Both political parties reflect these patterns. Democratic candidates, for instance, have condemned opponents as “irredeemable deplorables,” said their opponents “get bitter [and] cling to guns or religion,” declared “I don’t think parents should be telling schools what they should teach,” and dismissed rural voters as hopelessly “very conservative.” As Lilliana Mason told Ezra Klein, “I think the biggest weakness of the Democratic Party is that it often makes people feel stupid or retrograde. The leaders of it, the kind of atmosphere of it, which is not to say like every individual Democratic politician or person, but the party’s kind of cultural structure has just become, like, much more dominated by college-educated liberals and postgrad liberals.

As Democrats examine the shift of rural voters to the Republican Party, they generally treat it as a marketing problem, merely call for new policy proposals, or recommend superficial behavioral changes. Instead, they could engage in serious self-examination and declare, “Like most if not all Americans, I have elitist tendencies, I sometimes react judgmentally, and I need to better understand people who disagree with me. I’m working on fixing these problems, pledge to listen and communicate more respectfully, and hope you will do the same.” 

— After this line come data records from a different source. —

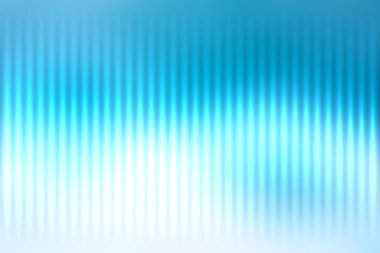 Işıklar ile arka plan bulanıklık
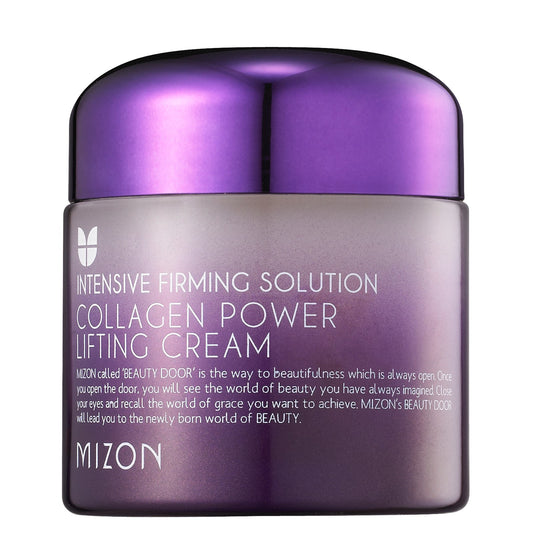 MIZON Collagen Power Lifting Cream 75 ML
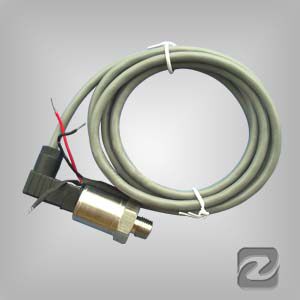 The top quality Compoui pressure sensor 98612 - 122 pressure sensor deserves a welcome buy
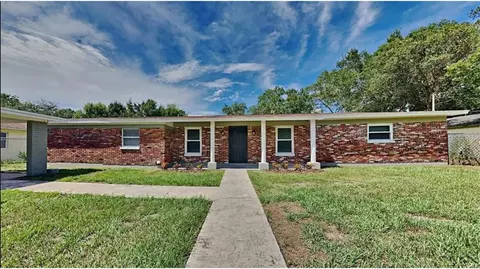 2612 E Palifox St, Tampa, FL 33610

Politicians could come clean, confess, apologize, acknowledge their elitist history, acknowledge these tendencies as a widespread American problem, and pledge to work on controlling these impulses. They could promise to respect others more fully and listen to them more closely while pushing for policies that address everyone’s need for a good life. They might even commit to convening deliberative democracy workshops with randomly selected constituents to carefully formulate solutions to political problems — and give these proposals serious consideration. 

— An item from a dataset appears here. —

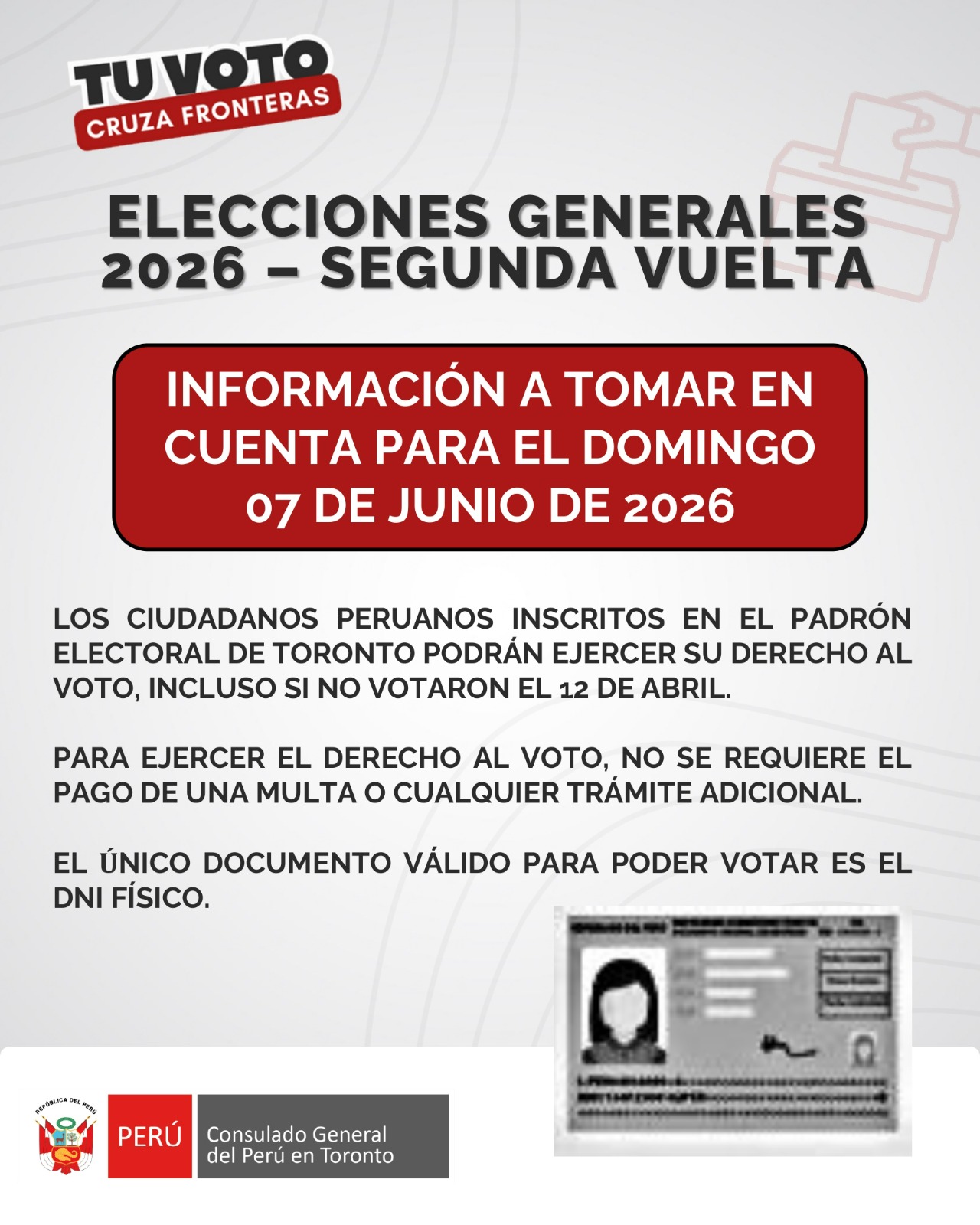 INFORMACION - ELECCIONES GENERALES 2026.jpeg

Moreover, no activist organization encourages its members to undo their elitist, dominate-or-submit social conditioning. Rather, they neglect self-reform, assume moral superiority, and arrogantly focus on changing others. Their goals and activities fail to encourage their members and the general public to help each other undo internalized oppression. This neglect reinforces fragmentation and undermines the potential for broadscale unity. 

The Americans for Humanity website aims to cultivate a reversal of this downward spiral by encouraging compassion-minded activist organizations of all stripes — including political, personal growth, spiritual, and social service efforts — to set aside time for their members to provide mutual support for overcoming these divisive tendencies. 

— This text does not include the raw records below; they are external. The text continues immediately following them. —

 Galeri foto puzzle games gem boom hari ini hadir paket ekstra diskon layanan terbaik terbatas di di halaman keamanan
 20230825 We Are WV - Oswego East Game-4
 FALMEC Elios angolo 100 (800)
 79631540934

Achieving the goals affirmed by Americans for Humanity: A Declaration will result in holistic and systemic transformation. All of our institutions, our culture, and ourselves as individuals are woven together into a self-perpetuating social system — the System — that encourages everyone to climb social ladders, gain more status and power, look down on those below, and dominate others (and the environment) — or submit to those above. This dynamic fragments society and weakens community. “They” are not the problem. The System is the problem and it is deeply embedded in each of us.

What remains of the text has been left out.